Batman makes a significant psychological impact on Bruce Wayne’s psyche in the first three books of The Dark Knight Returns. For instance, Alfred finds Brucesleepwalking in the Batcave, and they are both shocked to learn that Bruce has unintentionally shaved his moustache. It is also evident that Bruce was unintentionally watching The Mask of Zorro, the movie he saw with his parents on the night they were killed while watching late-night television. His mind is overtaken by the horrifying pictures of his parents’ murder. The anger grows even more potent when he switches channels. Finally, he witnesses Batman screaming out to him “The time has come. You know it in your soul. For I am your soul…You cannot escape me. You are puny, you are small – You are nothing – A hollow shell, a rusty trap that cannot hold me – Smoldering, I burn you – burning you, I flare, hot and bright and fierce and beautiful – You cannot stop me – not with wine or vows of the weight of age”. This shows that Miller didn’t just give Bruce Wayne a costume to call him Batman but he forged a mask for Batman as Bruce Wayne, a beast that Bruce has to control. It is abundantly evident that Batman is the antithesis of Superman. When the Dark Knight beats Superman in the decisive battle of The Dark Knight Returns Book Four.
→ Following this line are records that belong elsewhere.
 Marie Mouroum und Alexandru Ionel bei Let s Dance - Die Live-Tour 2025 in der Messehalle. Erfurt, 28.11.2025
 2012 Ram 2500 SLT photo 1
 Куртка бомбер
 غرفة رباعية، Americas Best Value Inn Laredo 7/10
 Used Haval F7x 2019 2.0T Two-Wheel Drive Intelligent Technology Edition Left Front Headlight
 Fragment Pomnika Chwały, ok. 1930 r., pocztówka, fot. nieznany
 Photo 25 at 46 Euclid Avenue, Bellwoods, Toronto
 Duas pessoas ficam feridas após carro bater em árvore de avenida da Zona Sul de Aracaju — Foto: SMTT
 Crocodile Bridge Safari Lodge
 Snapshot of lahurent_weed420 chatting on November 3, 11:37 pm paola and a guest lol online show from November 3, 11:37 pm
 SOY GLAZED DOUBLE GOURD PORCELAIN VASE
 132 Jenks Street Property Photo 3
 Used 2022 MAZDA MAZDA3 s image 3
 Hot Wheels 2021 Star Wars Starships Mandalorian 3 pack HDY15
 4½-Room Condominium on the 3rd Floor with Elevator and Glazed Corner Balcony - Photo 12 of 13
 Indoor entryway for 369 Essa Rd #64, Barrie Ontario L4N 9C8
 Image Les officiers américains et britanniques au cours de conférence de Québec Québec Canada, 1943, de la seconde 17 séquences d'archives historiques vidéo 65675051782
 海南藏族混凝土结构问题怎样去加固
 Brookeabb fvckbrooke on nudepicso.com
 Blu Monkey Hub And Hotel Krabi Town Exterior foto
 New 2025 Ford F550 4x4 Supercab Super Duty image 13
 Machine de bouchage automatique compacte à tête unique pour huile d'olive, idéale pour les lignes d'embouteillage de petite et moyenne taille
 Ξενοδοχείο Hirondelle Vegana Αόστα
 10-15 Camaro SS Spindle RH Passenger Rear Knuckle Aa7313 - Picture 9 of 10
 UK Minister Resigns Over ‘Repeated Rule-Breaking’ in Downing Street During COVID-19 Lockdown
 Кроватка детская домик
“You sold us out, Clark,” he says. “You gave them – the power – that should have been ours. Just like your parents taught you. My parents…taught me a different lesson…lying on this street shaking in deep shock…dying for no reason at all – they showed me that the world only makes sense when you force it to”. Miller’s Dark Knight arc’s exploration of this trauma is fascinating. Eventually, rage and wrath are turned from street criminality onto social (and global) injustice. Battling criminals with raw force may have been a useful way for Batman to deal with trauma when he was younger, but it is less so now that he is older. He is, at least for a crimefighter, a little fat, clearly slower, and not in his best physical shape. Batman makes age-related remarks frequently. He must rest his breath while evading the police, he is constantly hit by gunshots, and he experiences heart palpitations all the time. Also, he is fighting with the multiple conflicting ideologies within himself as when he meets Harvey Dent aka Two faces he says “he sees the reflection of self”, he is most impacted by the Joker’s deed, and the thought bubbles of Batman and Joker appear grey in the third book of The Dark Knight Returns, which may indicate that Batman and Joker have become synonymous. Batman still has his moral compass and has convinced himself that he will not kill Joker but the Joker himself snapped his own neck and dies and just after that panel he is seen yelling at the Joker to stop smiling now when he is already dead, this explains the psychological impact Joker made on him and pushed him till the verge of going insane.